(WHAT YOU WILL DO):
Nothing but the lines below from the one holding "Hermès Avalon III" up to and including the one holding "Pantalón de jogging" should be copied, exactly and without pictures.
DATASET below:
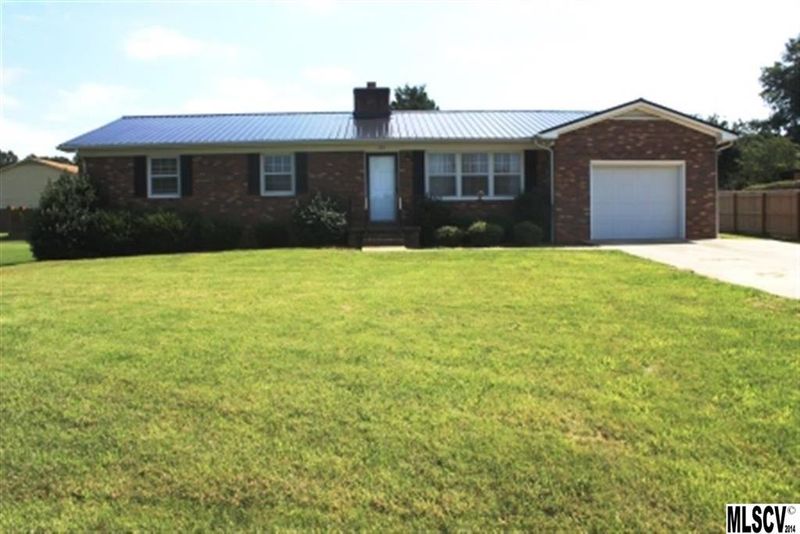1317 Cloninger Mill Rd, Hickory, NC 28601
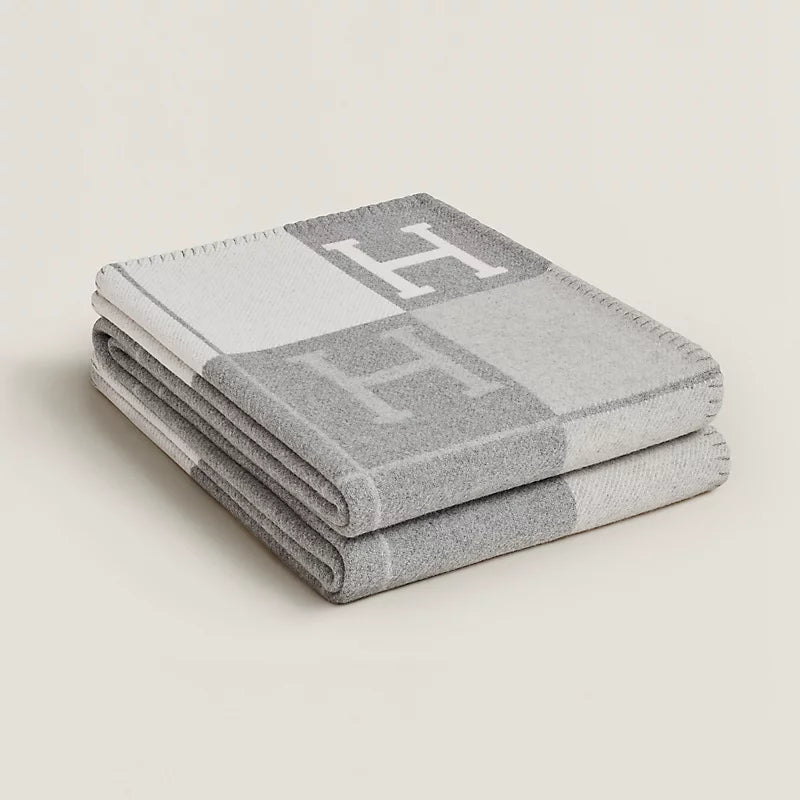 Hermès Avalon III throw blanket écru / gris clair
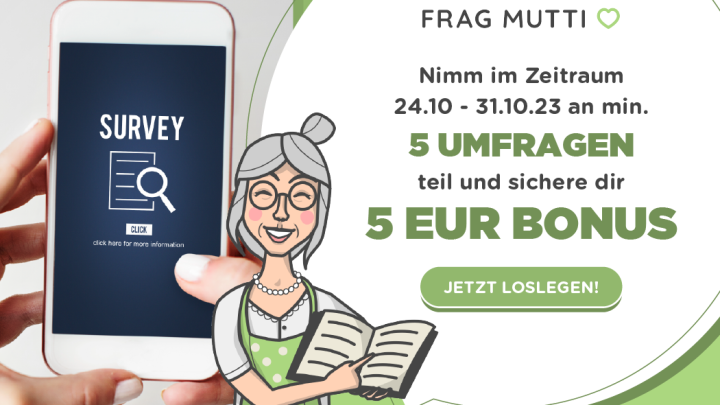 Eine Hand h&auml;lt ein Smartphone, das eine Umfrage zeigt, w&auml;hrend eine fr&ouml;hliche &auml;ltere Frau mit einer Anleitung l&auml;chelt.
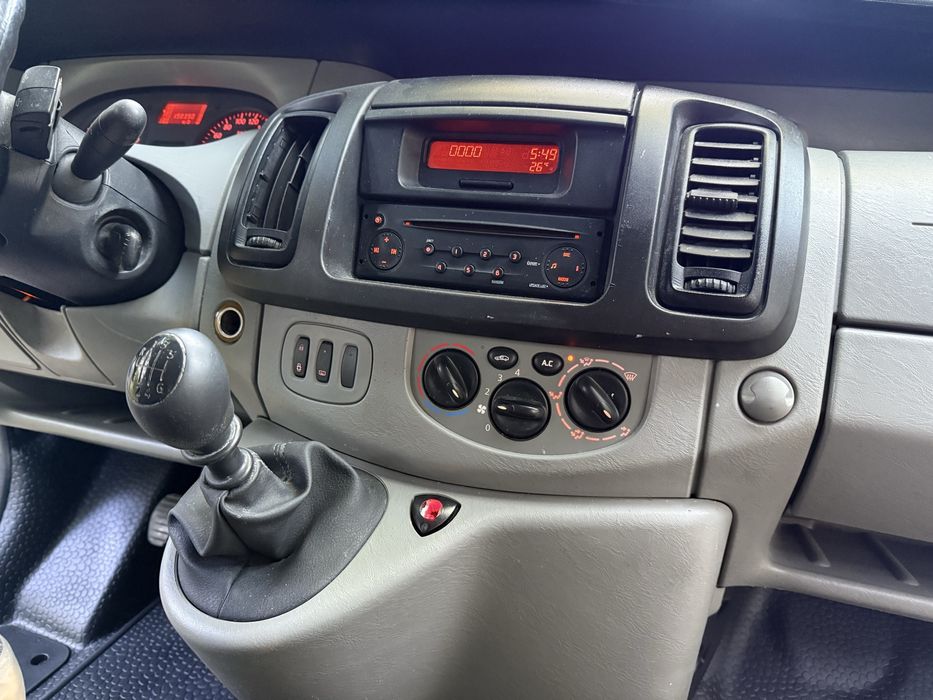 Продам  Renault Trafic 1.9 D Long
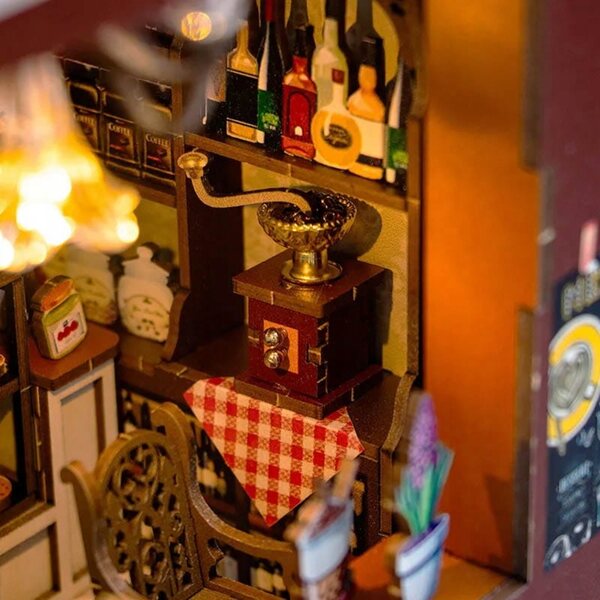Miniatura Book Nook DIY Domestico in Legno con LED - Colazione in Città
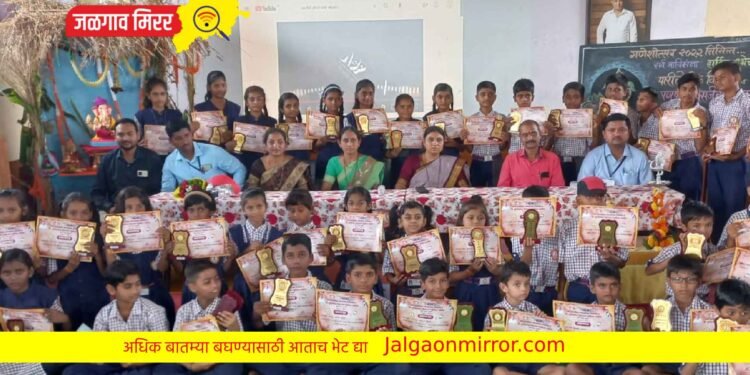 मेहरूण परिसरात पर्यावरण पूर्वक बाप्पांचे विसर्जन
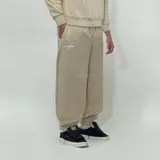 Pantalón de jogging gris, corte oversize, confeccionado en felpa suave con elástico en la cintura y puños.
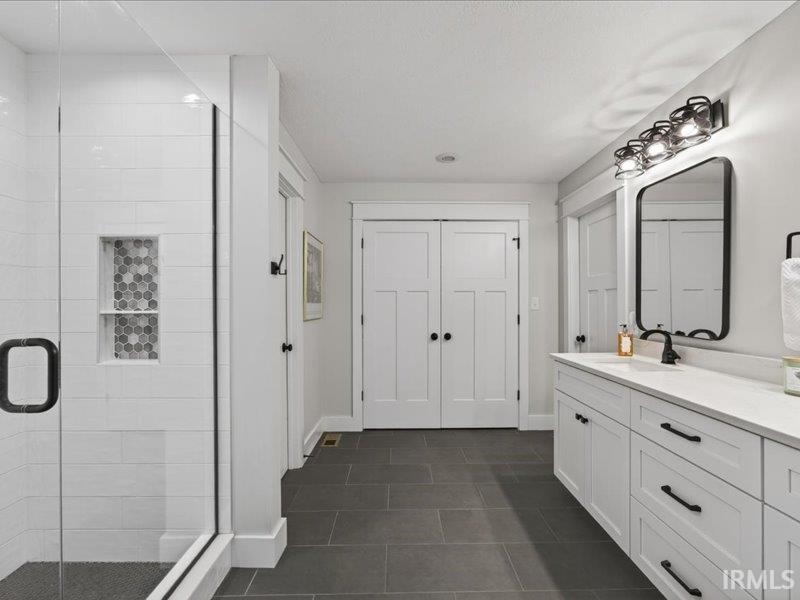 Bloomington, Indiana, 47404, United States, 4 Bedrooms Bedrooms, ,3 BathroomsBathrooms,Residential,For Sale,2049125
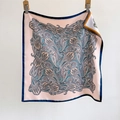 Foulard quadrato rosa con motivo paisley e bordo blu scuro appeso alla parete - 70x70cm / Blu
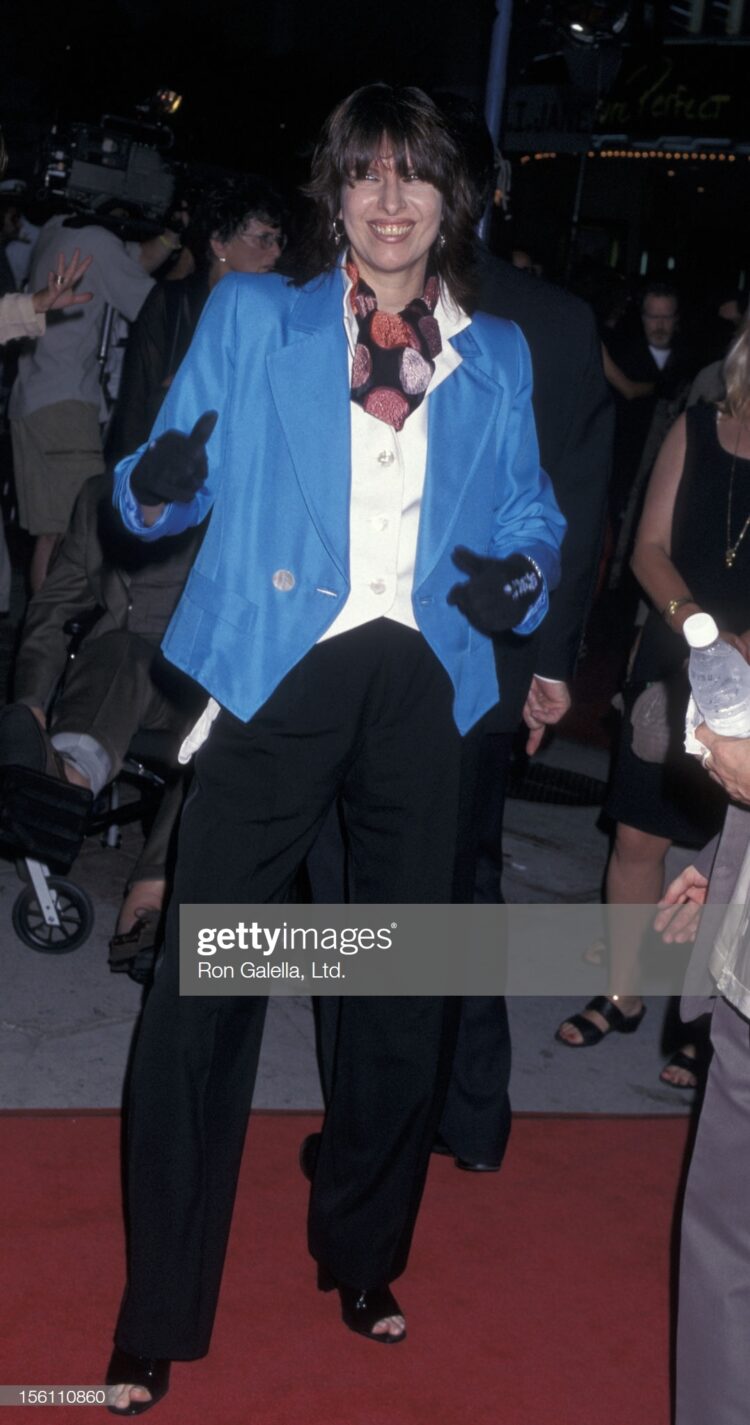 chrissie hynde feet 4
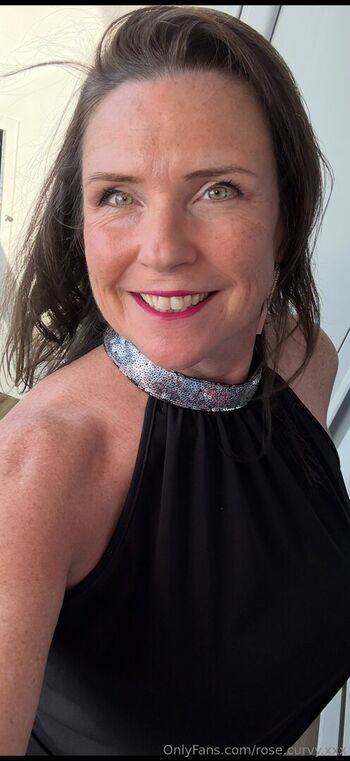 rose.curvy.xxx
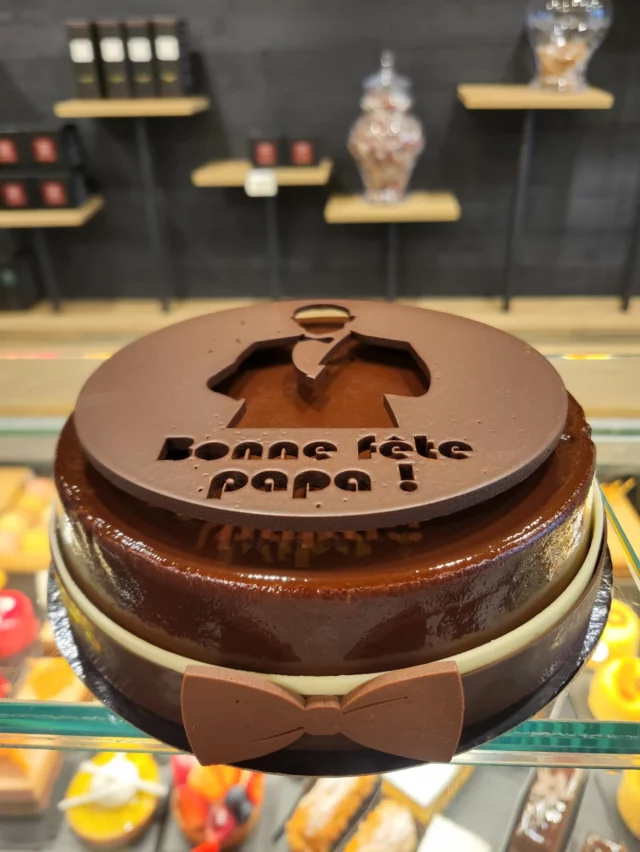 🍫 Gâteau de la fête des pères 🍫
Chez Maisons Henry, on a imaginé un dessert aussi généreux que les papas qu’on aime célébrer.
⠀
💛 Une mousse légère au chocolat noir,
🌰 Un croustillant praliné fondant à souhait,
🍫 crémeux caramel café,
… le tout enveloppé de douceur, de caractère et de gourmandise.
⠀
Un gâteau raffiné, à la fois puissant et délicat – comme une déclaration d’amour sucrée pour la fête des pères.
⠀
🎁 À partager en famille 

📆 Réservez-le dès maintenant pour le week-end du 15-16 juin !

#MaisonsHenry #FêteDesPères #GâteauGourmand #ArtisanPâtissier #ChocolatLover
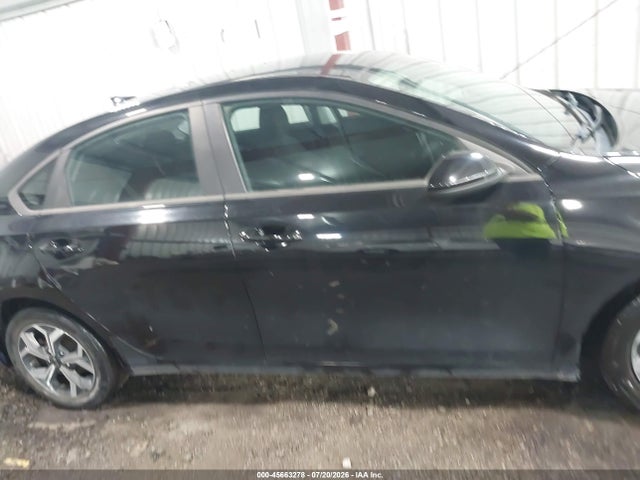 Продажа на аукционе авто 2021 Kia Forte Lxs, vin: 3KPF24AD3ME333271, номер лота: 45663278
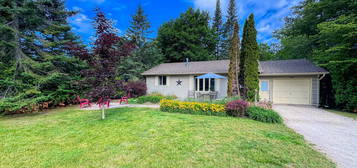564 McNabb St, Saugeen Shores, ON N0H 2L0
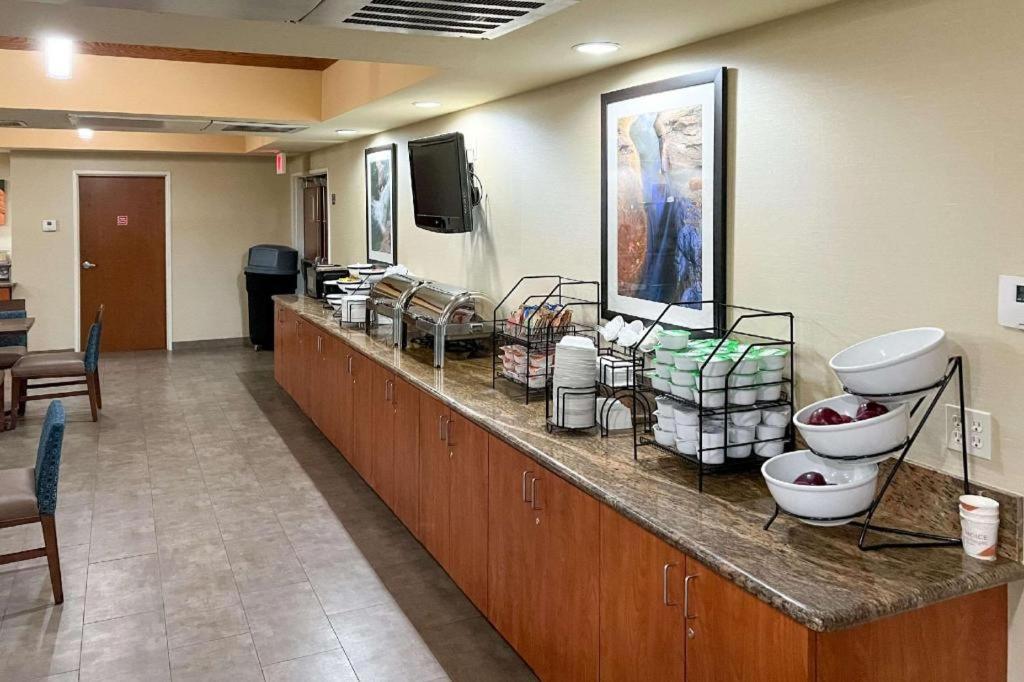 Comfort Inn And Suites Thatcher Zewnętrze zdjęcie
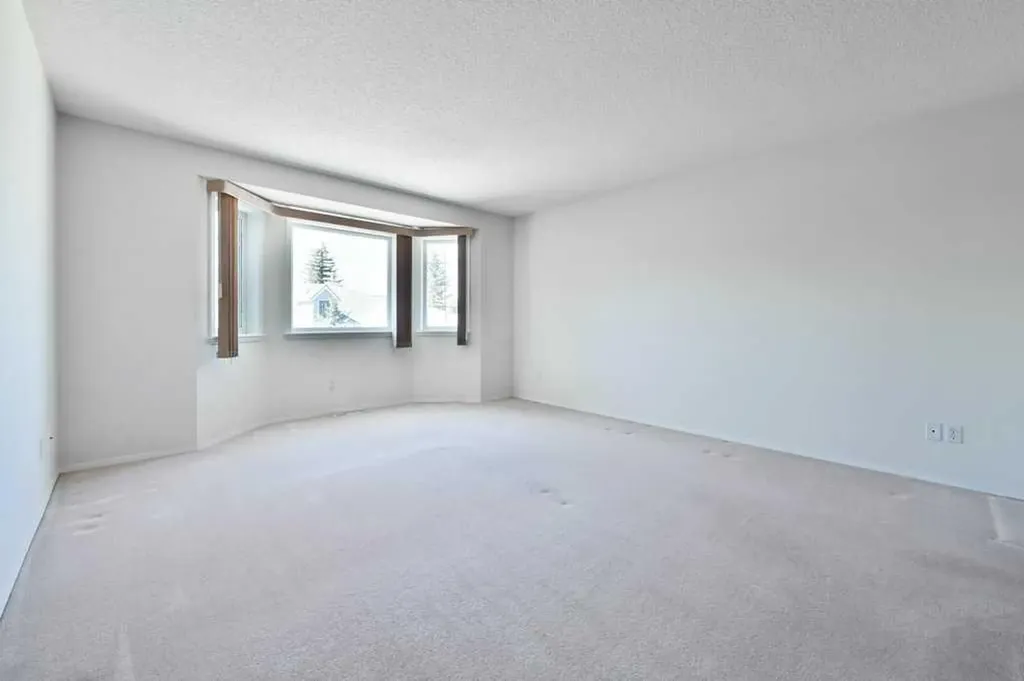 184 Valley Ridge Heights NW Calgary AB T3B 5T3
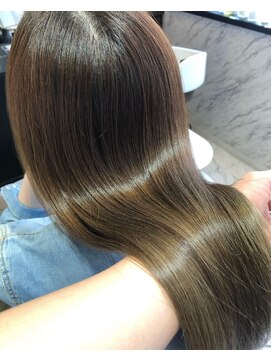 カミケンパセオ(kamiken.paseo) なめらか上品ツヤ感きれい潤いストレート【カミケンパセオ】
End of DATASET.
(RESULT BELOW):
 Hermès Avalon III throw blanket écru / gris clair
 Eine Hand h&auml;lt ein Smartphone, das eine Umfrage zeigt, w&auml;hrend eine fr&ouml;hliche &auml;ltere Frau mit einer Anleitung l&auml;chelt.
 Продам  Renault Trafic 1.9 D Long
Miniatura Book Nook DIY Domestico in Legno con LED - Colazione in Città
 मेहरूण परिसरात पर्यावरण पूर्वक बाप्पांचे विसर्जन
 Pantalón de jogging gris, corte oversize, confeccionado en felpa suave con elástico en la cintura y puños.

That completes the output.